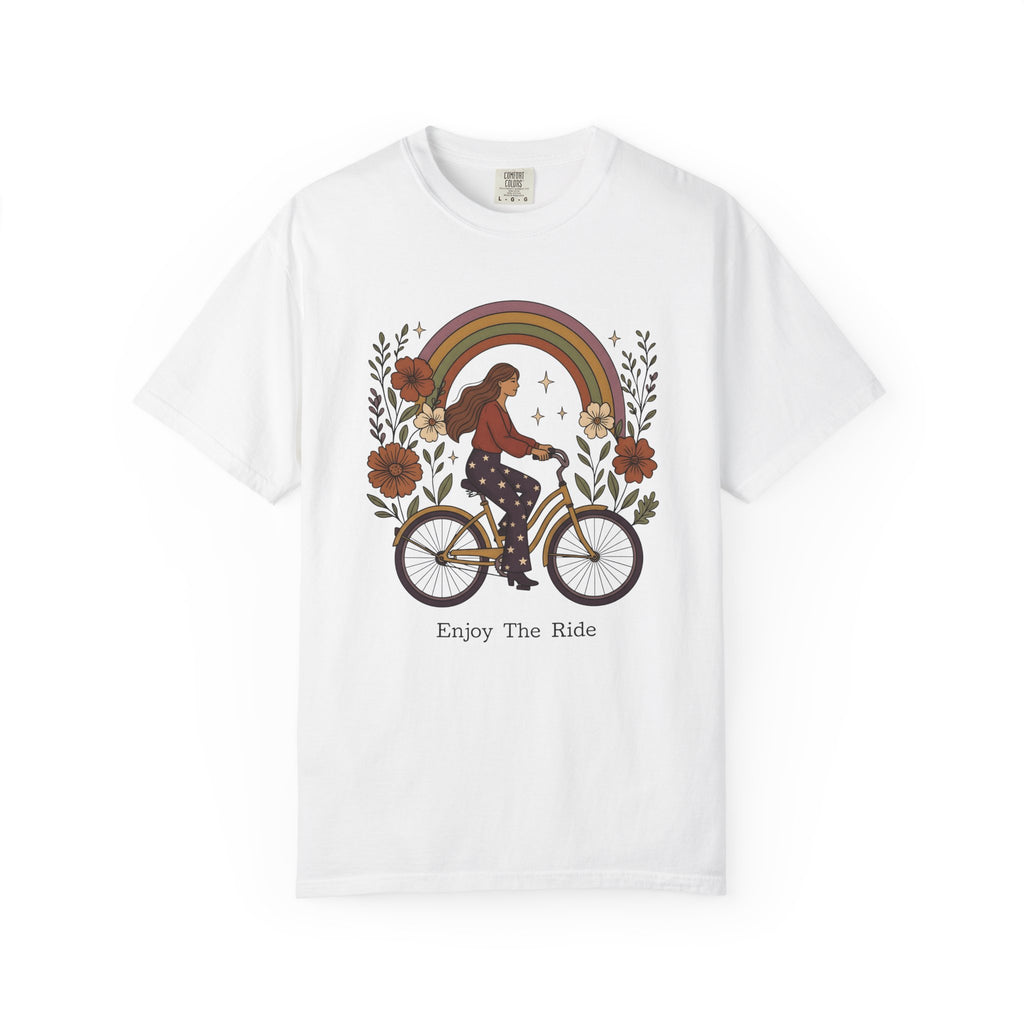 Woman Bicycle Shirt Cycling Floral Gift Women Boho Tee Bike T-Shirt Cyclist Enthusiast Bohemian Tshirt Floral Graphic Retro Rainbow Tshirt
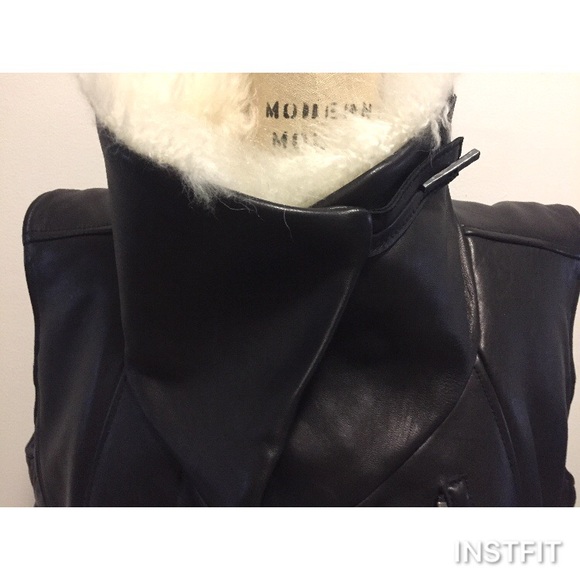 Helmut Lang fur trimmed leather vest NWOT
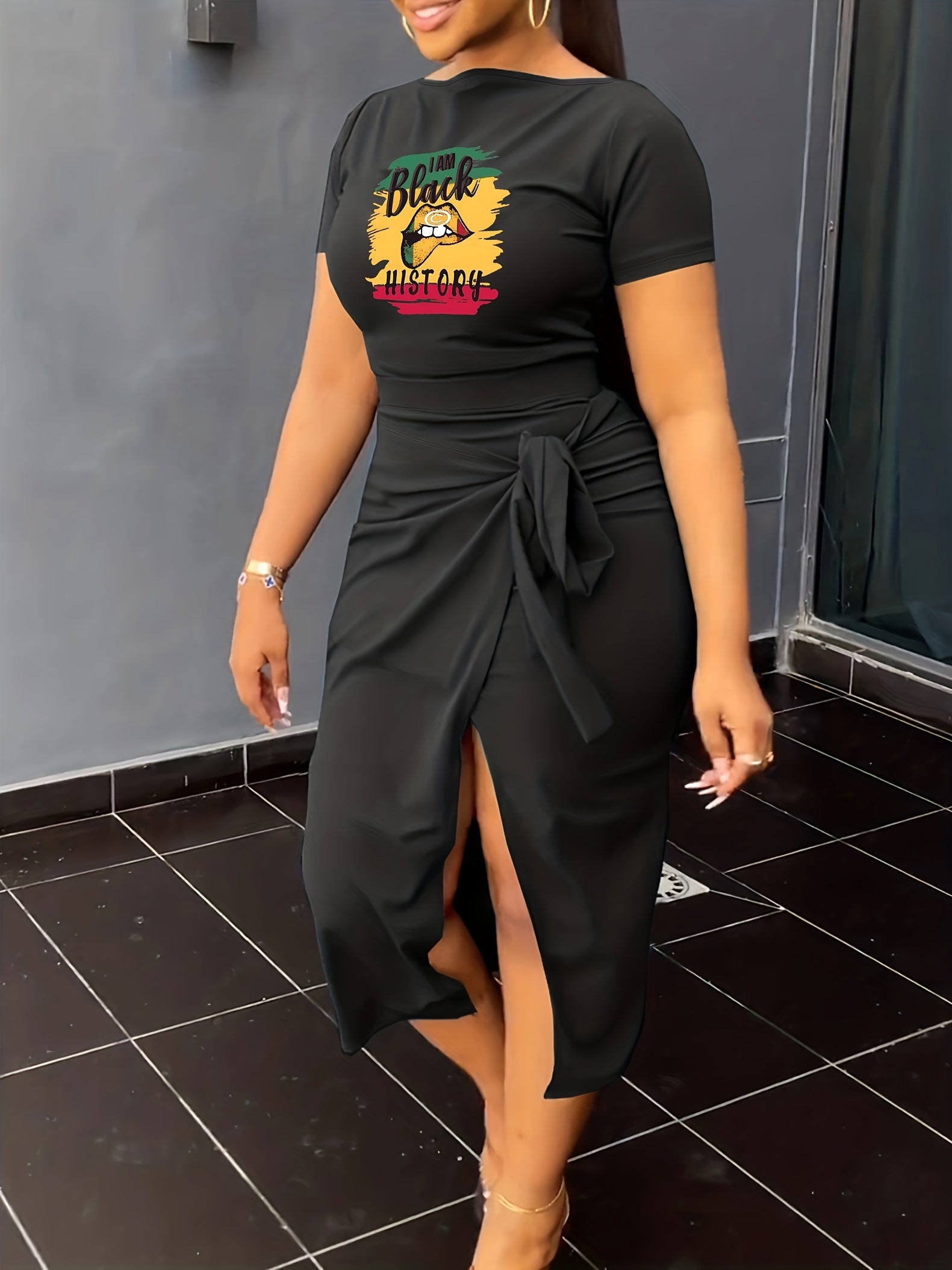  Juneteenth Graphic Crop Top & Split Knot Skirt Set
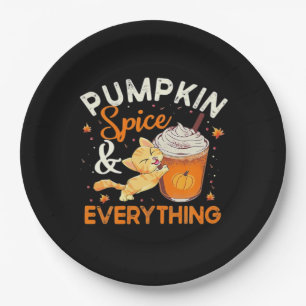 Pumpkin Spice Alles Cat Lover Classic Papieren Bordje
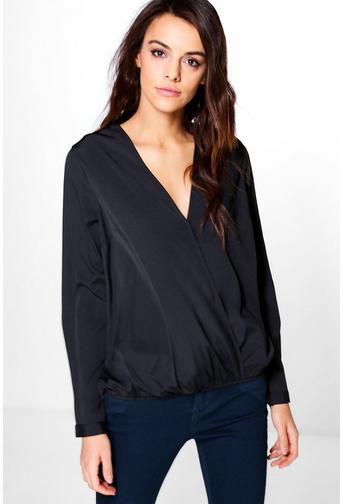 Sophia Oversized Wrap Over Woven Blouse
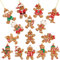 Whaline Christmas Gingerbread Ornaments Set 2 x 2.8 Ginger Man with Strings Figurine Hanging Ornaments for Xmas Tree Festive Season Holiday Party Decoration DIY Craft, 15 Pack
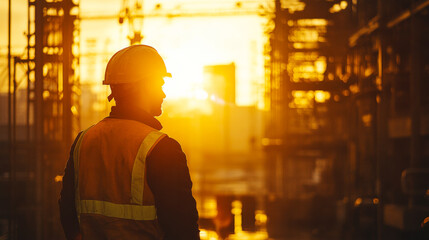 Obraz premium construction worker observes sunset at site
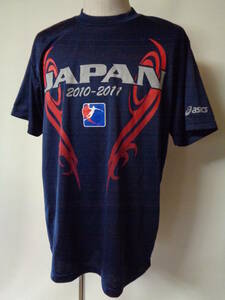 選手支給 ハンドボール 全日本 日本代表 asicsアシックス トレーニングトップス 半袖Tシャツ オリンピック 五輪 sizeXO 紺
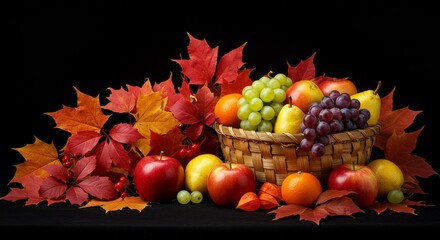 Autumn Harvest Fruit Basket - A wicker basket overflowing with colorful autumn fruits like apples, pears, and grapes, surrounded by vibrant fall leaves
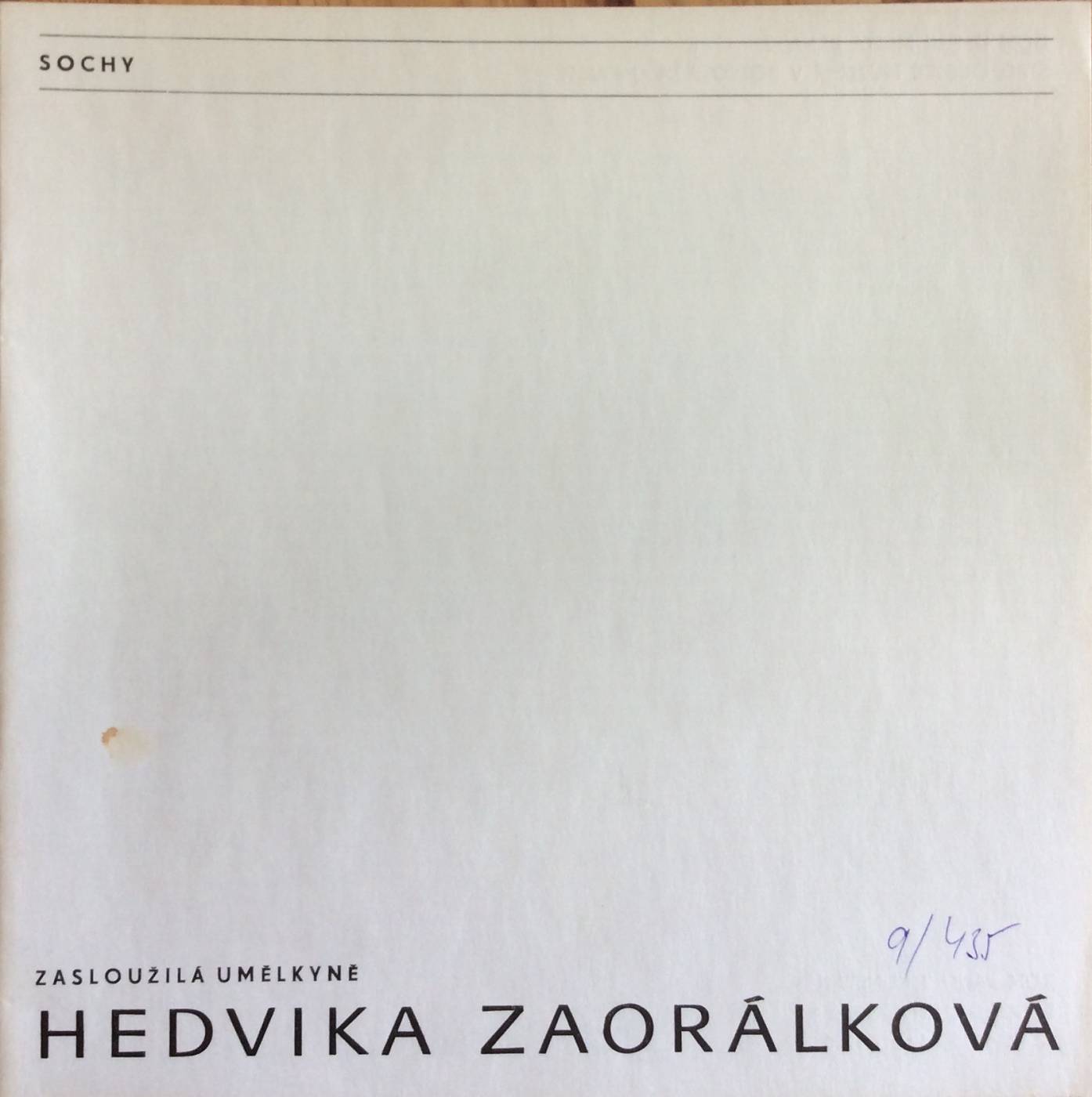 Zasloužilá umělkyně Hedvika Zaorálková – Sochy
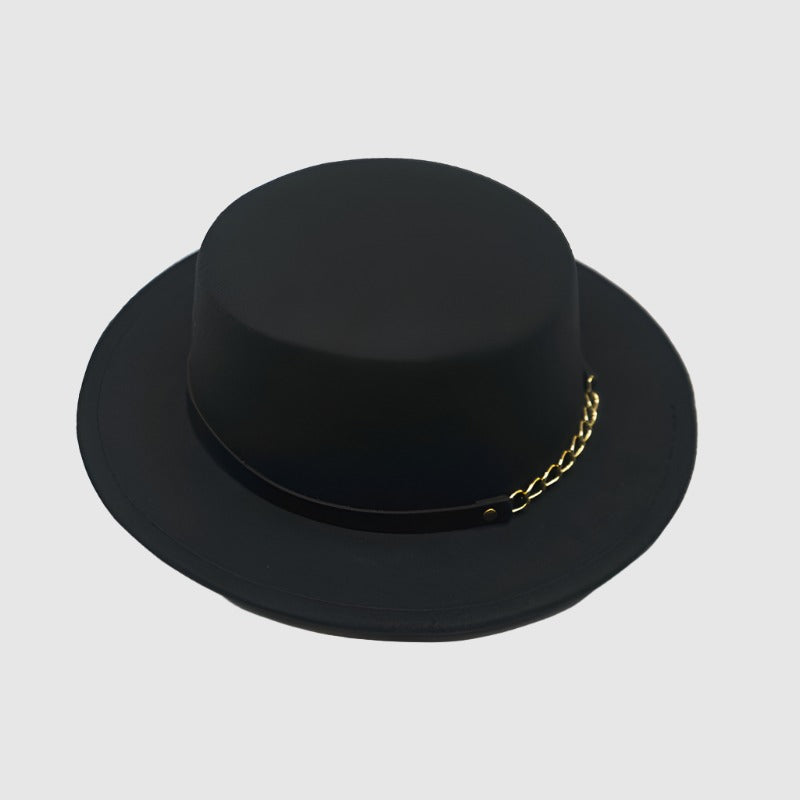 Unisex Solid Color Retro British Style Flat Top Hat - ChoreGirl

> **Task directions**: What is needed is every line of the data above, set down exactly but with the images left out.

> **Solution for this exercise**:
 Woman Bicycle Shirt Cycling Floral Gift Women Boho Tee Bike T-Shirt Cyclist Enthusiast Bohemian Tshirt Floral Graphic Retro Rainbow Tshirt
 Helmut Lang fur trimmed leather vest NWOT
  Juneteenth Graphic Crop Top & Split Knot Skirt Set
 Pumpkin Spice Alles Cat Lover Classic Papieren Bordje
 Sophia Oversized Wrap Over Woven Blouse
 Whaline Christmas Gingerbread Ornaments Set 2 x 2.8 Ginger Man with Strings Figurine Hanging Ornaments for Xmas Tree Festive Season Holiday Party Decoration DIY Craft, 15 Pack
 Obraz premium construction worker observes sunset at site
 選手支給 ハンドボール 全日本 日本代表 asicsアシックス トレーニングトップス 半袖Tシャツ オリンピック 五輪 sizeXO 紺
 Autumn Harvest Fruit Basket - A wicker basket overflowing with colorful autumn fruits like apples, pears, and grapes, surrounded by vibrant fall leaves
 Zasloužilá umělkyně Hedvika Zaorálková – Sochy
 Unisex Solid Color Retro British Style Flat Top Hat - ChoreGirl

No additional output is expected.